Por Javier Sandoval
Estamos sufriendo de primera mano los efectos del cambio climático, sequías, lluvias torrenciales, aumento de temperatura, lo que a su vez viene aumentando los riesgos de desastres en zonas rurales y costeras, ciudades y pueblos. Las grandes catástrofes se multiplican, generando un enorme costo social, ambiental y económico, así como un deterioro continuo de la calidad de vida de los barrios, poblaciones y comunidades. Acá el estado en su conjunto viene siendo desbordado por una serie de desastres dichos naturales (inundaciones, incendios, deslizamientos de tierra), en cuyo origen y agravamiento están el modelo productivo extractivista y el modelo de ciudad neoliberal.
Es urgente acelerar el cambio de paradigma del Estado frente a la prevención de desastres y el aumento del riesgo ambiental. Las autoridades están al debe en esta materia, pero ya no podemos seguir esperando que todo venga del nivel central: ¡basta de ser reactivos y complacientes, basta de esa lentitud inaceptable frente a las urgencias sociales y ambientales! .
En el Biobío es hora de crear un modelo territorializado de gobernanza ambiental integral, que incluya conservación y regeneración ambientales, planificación territorial, planes de infraestructura, y gestión del riesgo y emergencia.
Necesitamos sacarle trote al Estado y en particular al gobierno regional.
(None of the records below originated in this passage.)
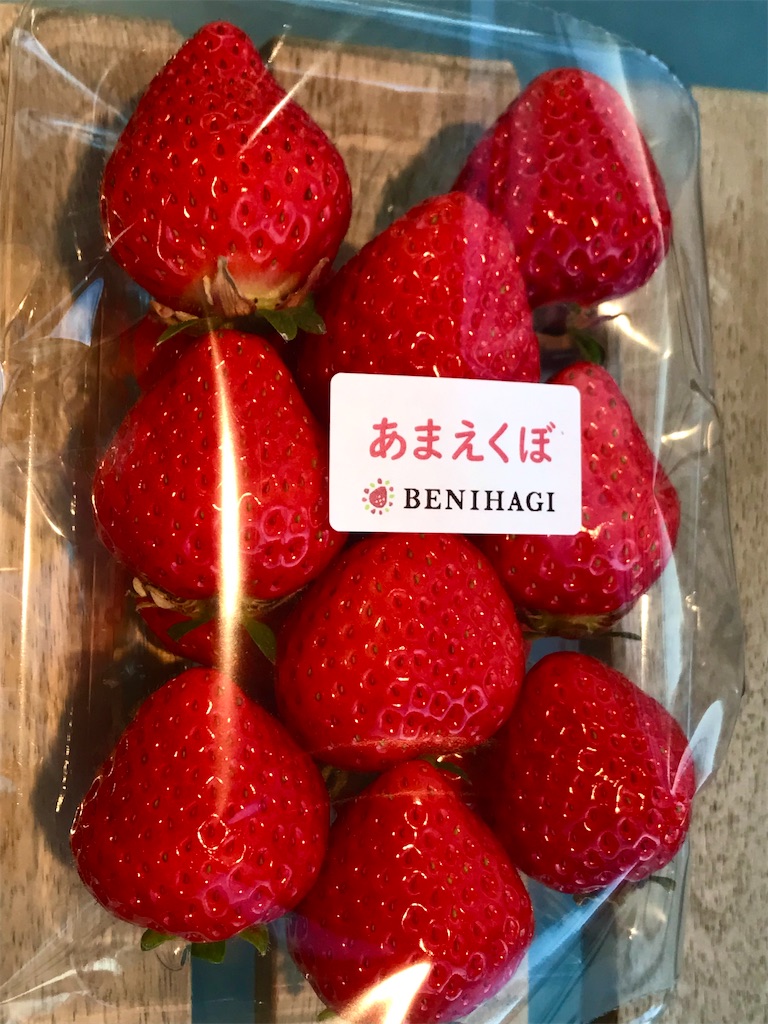 f:id:ken-goldjapan:20250111211421j:image
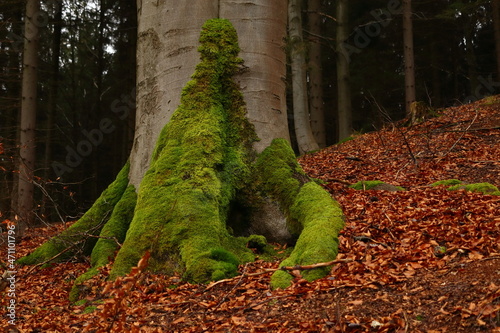 trunk with the roots of a large tree covered with moss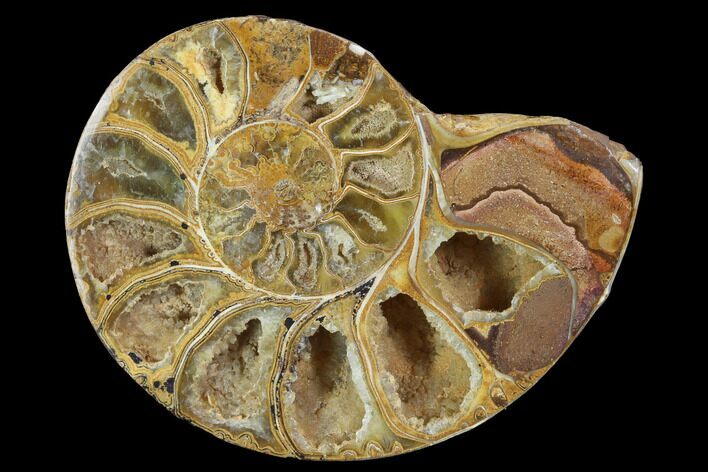 Sliced, Agatized Ammonite Fossil (Half) - Jurassic #100547
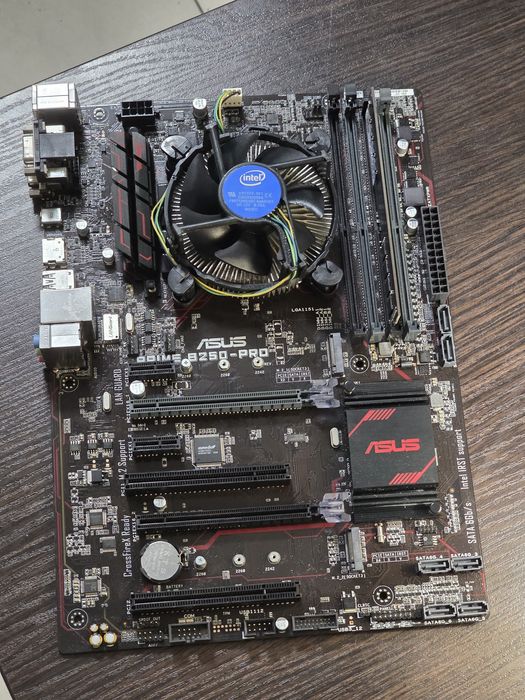 Материнская плата Asus Prime b250 pro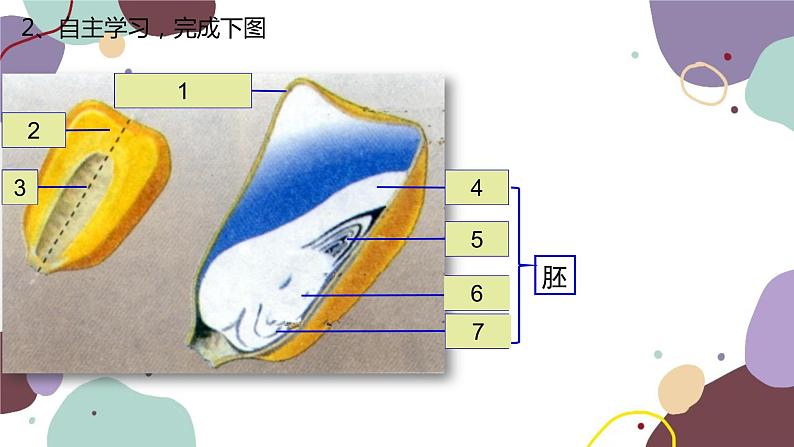 冀少版生物八年级上册 3.1.1 种子萌发的过程课件第7页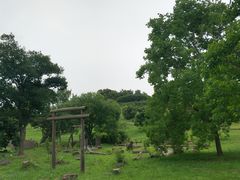-西京湾花海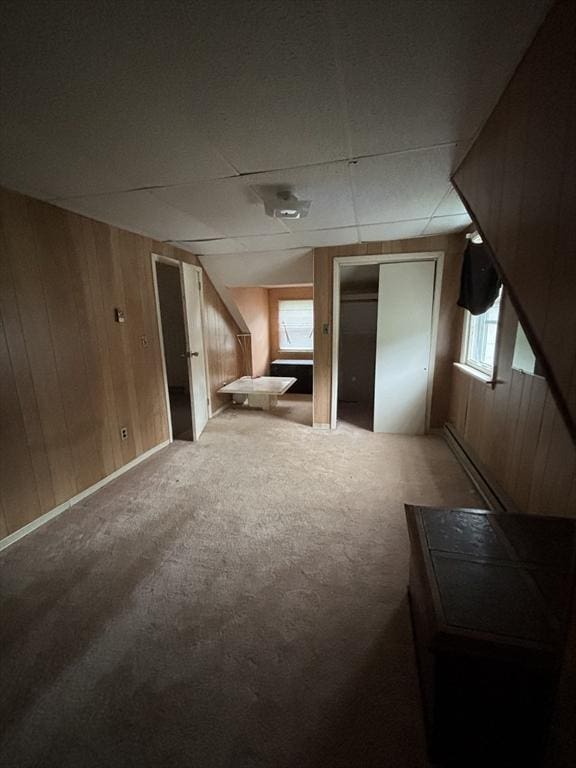 113 Lexington St, Springfield, MA 01107 - additional living space featuring carpet floors and wooden walls
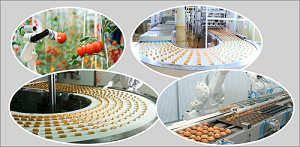 Production Robot For Food And Beverage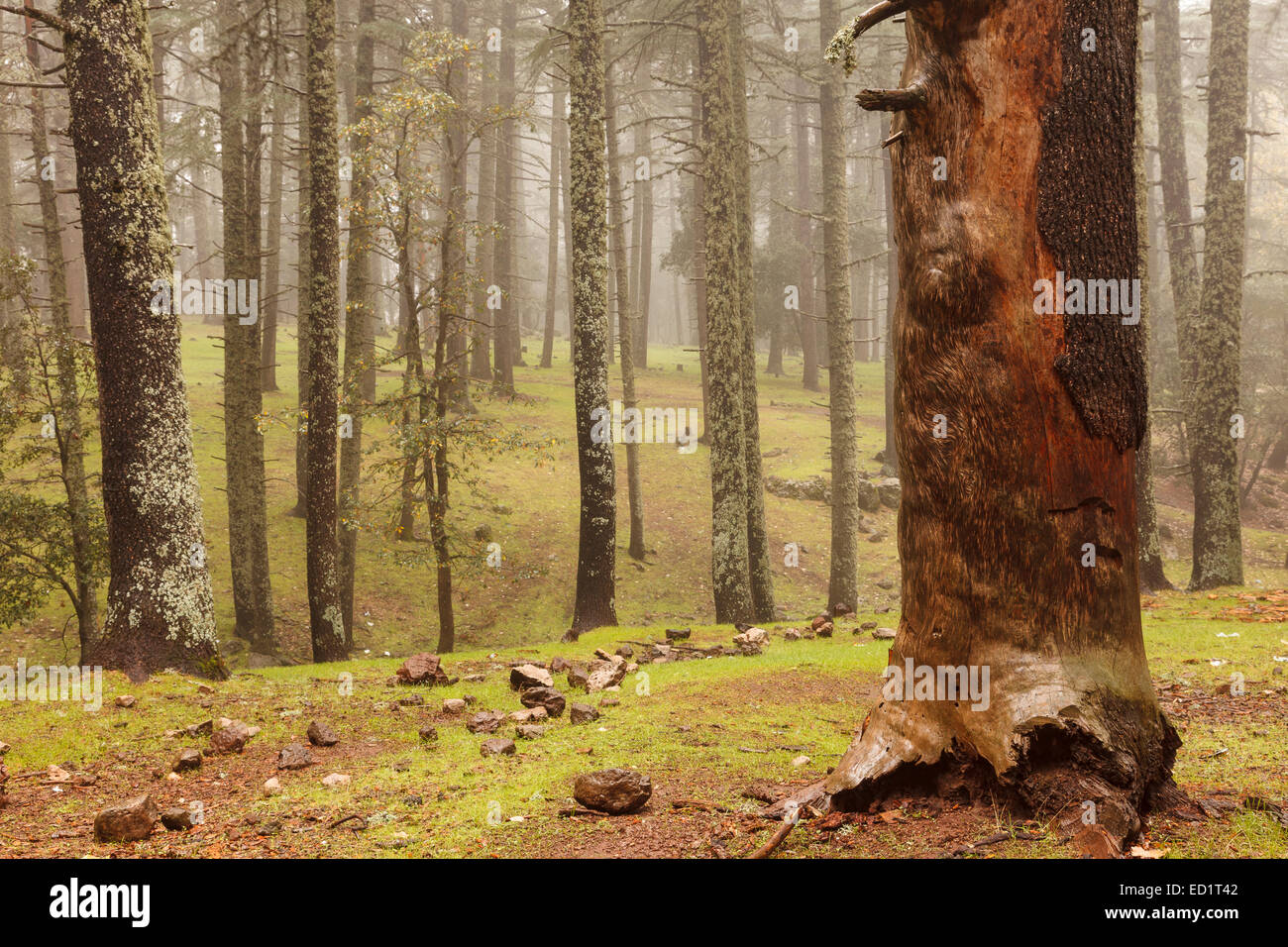 Ifrane Morocco High Resolution Stock Photography and Images Alamy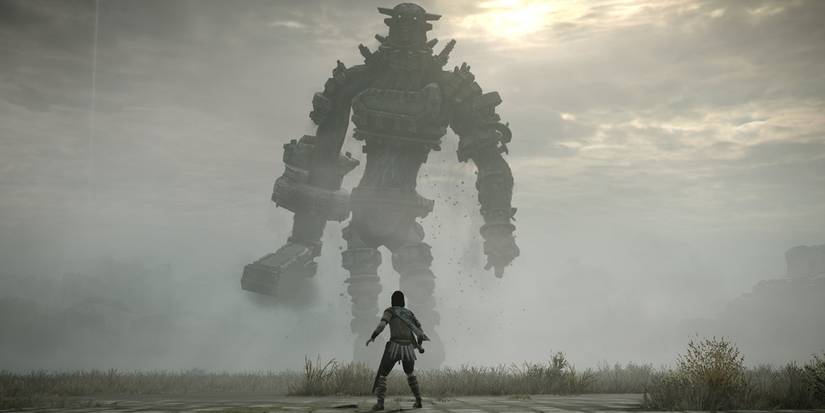 Wander looking at imposing Colossus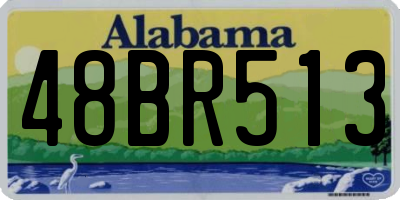 AL license plate 48BR513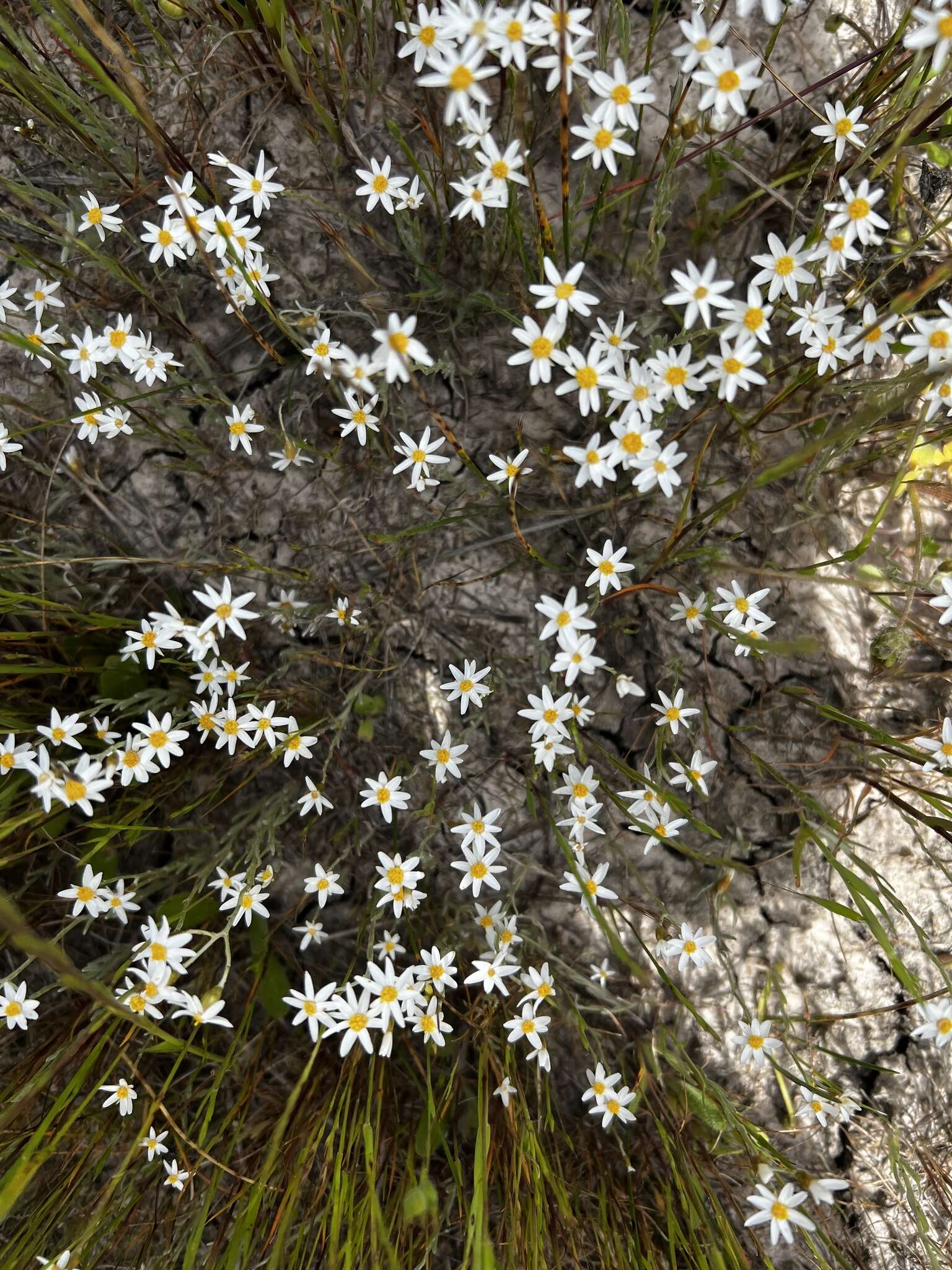 Rhodanthe corymbiflora (Schltdl.) P. G. Wilson的圖片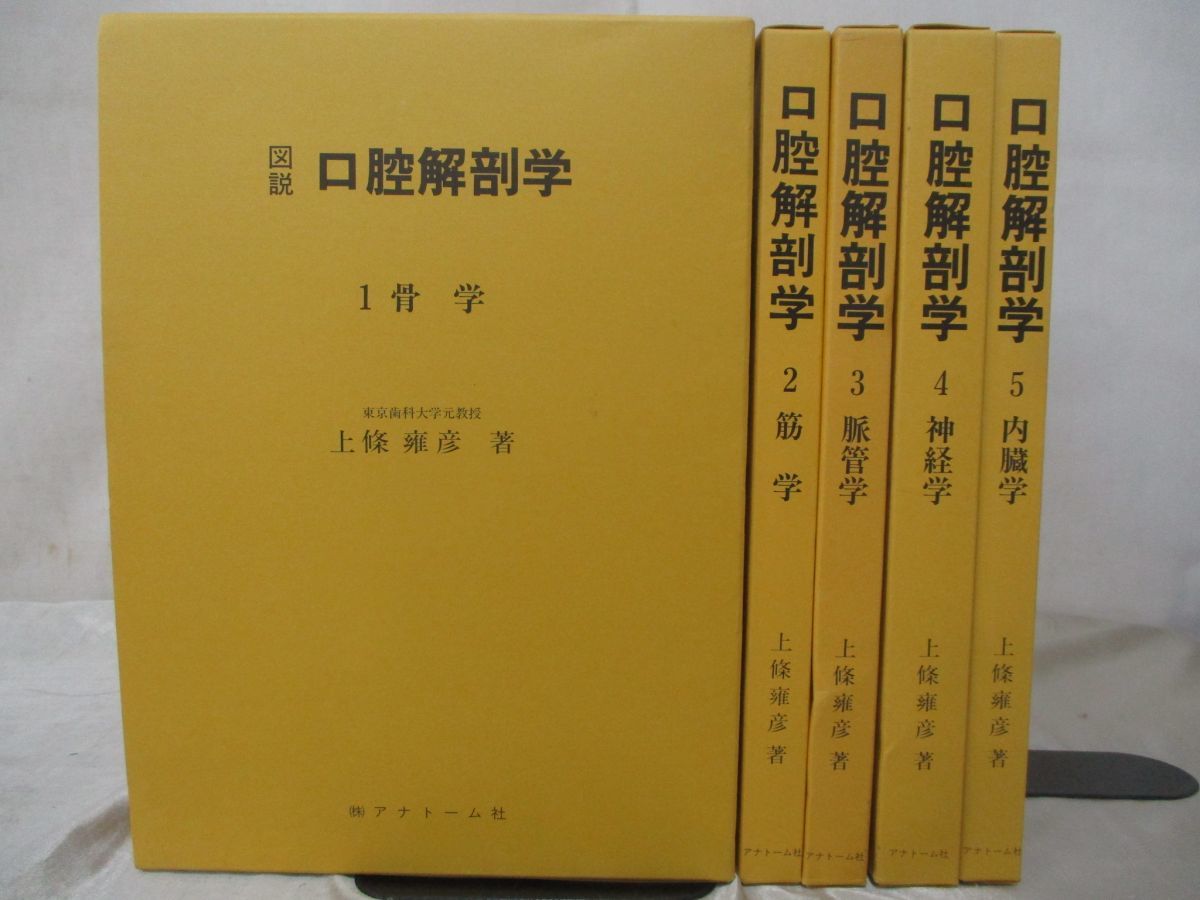 本 アナトーム社 口腔解剖学 6冊セット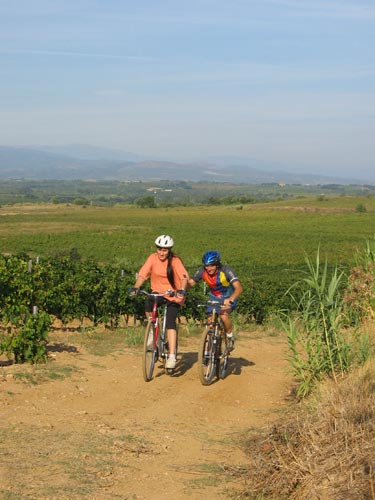 Rando des vendanges - Photo-066.jpg - biking66.com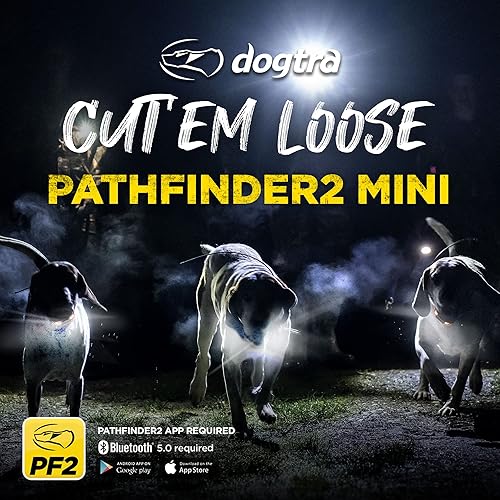 Miniatura 4 de Dogtra Pathfinder 2 Mini - Collar de entrenamiento de caza de perros con control remoto, recargable para perros pequeños, medianos y grandes, collar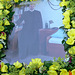 Blütenteppich mit Foto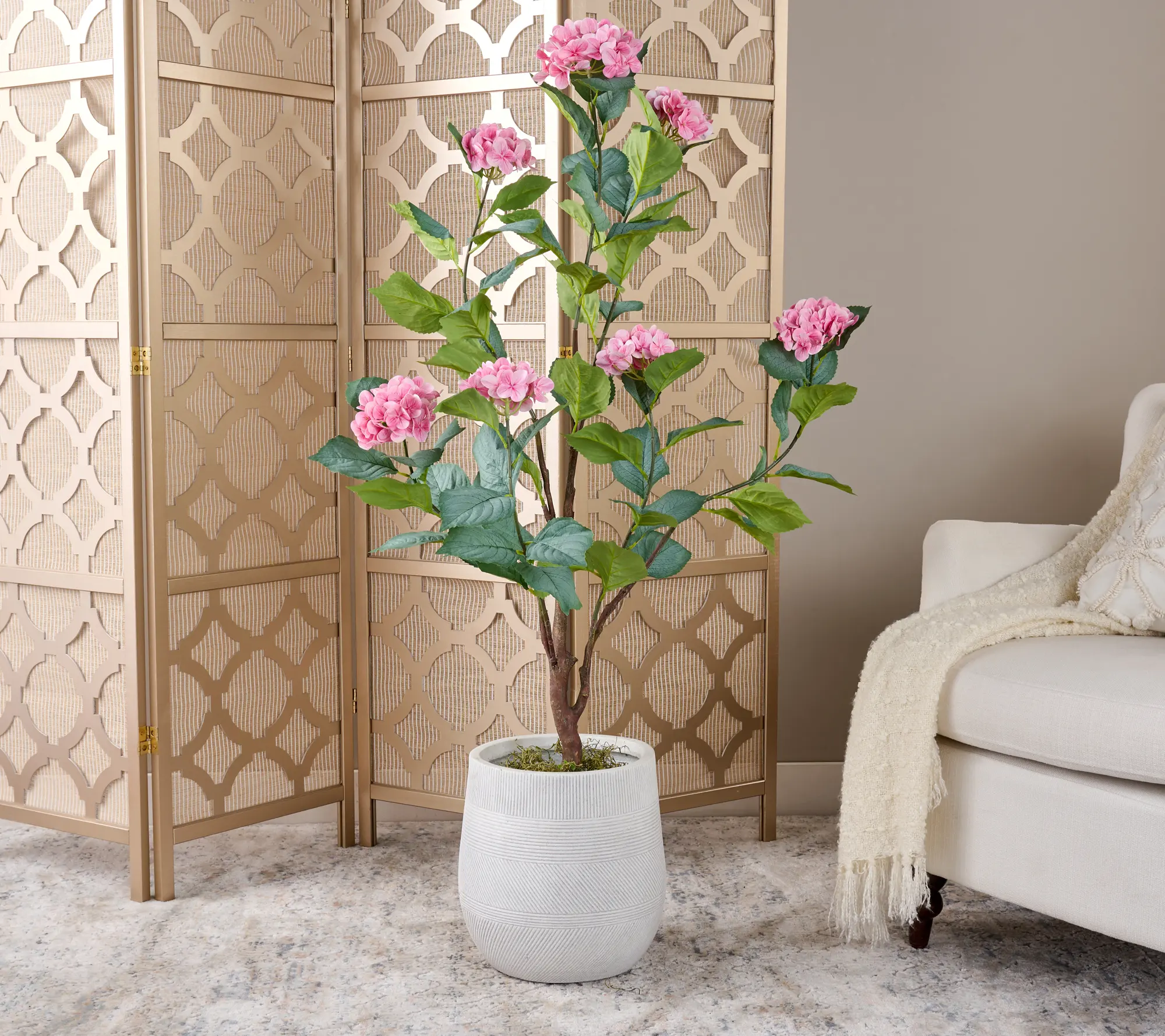 4' Hydrangea Bush in Pot by Valerie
Aquí las autoridades se felicitan pero los fondos públicos fueron saqueados y la gente se enfrenta periódicamente a situaciones cotidianas cada vez más ingratas, inseguras e injustas en todo orden de cosas. ¿Dónde han estado todos estos años quienes controlan el Estado? Ahora frente a las cámaras y los afectados por sus malas decisiones, hablan de prevención y resiliencia, pero sus palabras ya no dicen nada.
La clase dirigente regional ha promovido un modelo de ciudad y territorio hecho a la medida de los intereses empresariales, acallando la voz de los habitantes y reduciendo las atribuciones del Estado. Nunca hubo tanto desarrollo inmobiliario ni tampoco tantos déficit de vivienda. Para asegurar la circulación global de mercancías nos han convertido en una zona de sacrificio ambiental y social. ¿Cuánto afectan las catástrofes a la economía? ¿Cuánto cuesta el enorme gasto en emergencias y reconstrucción? ¿Quién pagará esa cuenta? ¿Quién nos devuelve la vida que perdimos?.
La planificación por cuencas, la gestión del riesgo, los planes maestros como soluciones basadas en la naturaleza, y la restauración ambiental deben dejar de ser adornos y ser pilares de nuestras políticas públicas, ambientales, sociales y productivas. Si defendemos los humedales y los cursos de agua, y los ayudamos a regenerarse, haremos que las ciudades resistan mejor el cambio climático. Si permitimos que la agricultura sustentable y la vegetación nativa regrese, ayudaremos a que la humedad y ciclos del agua disminuyan las catástrofes y las comunidades incendiadas rodeadas de pinos o inundadas en quebradas tengan donde habitar de manera segura.
Luchamos contra la corrupción y contra la inercia administrativa, que reduce la función pública a gestionar emergencias y no enfrentar las causas de los problemas. Pongamos el foco de la inversión pública en la regeneración ambiental, el trabajo codo a codo con la ciudadanía y el resguardo de la infraestructura ecológica. Para remediar el daño producido no nos sirven las medias tintas, el poder de decisión debe volver a la gente y de ahí nace la voluntad política que necesitamos para recuperar la región del Biobío para las grandes mayorías sociales.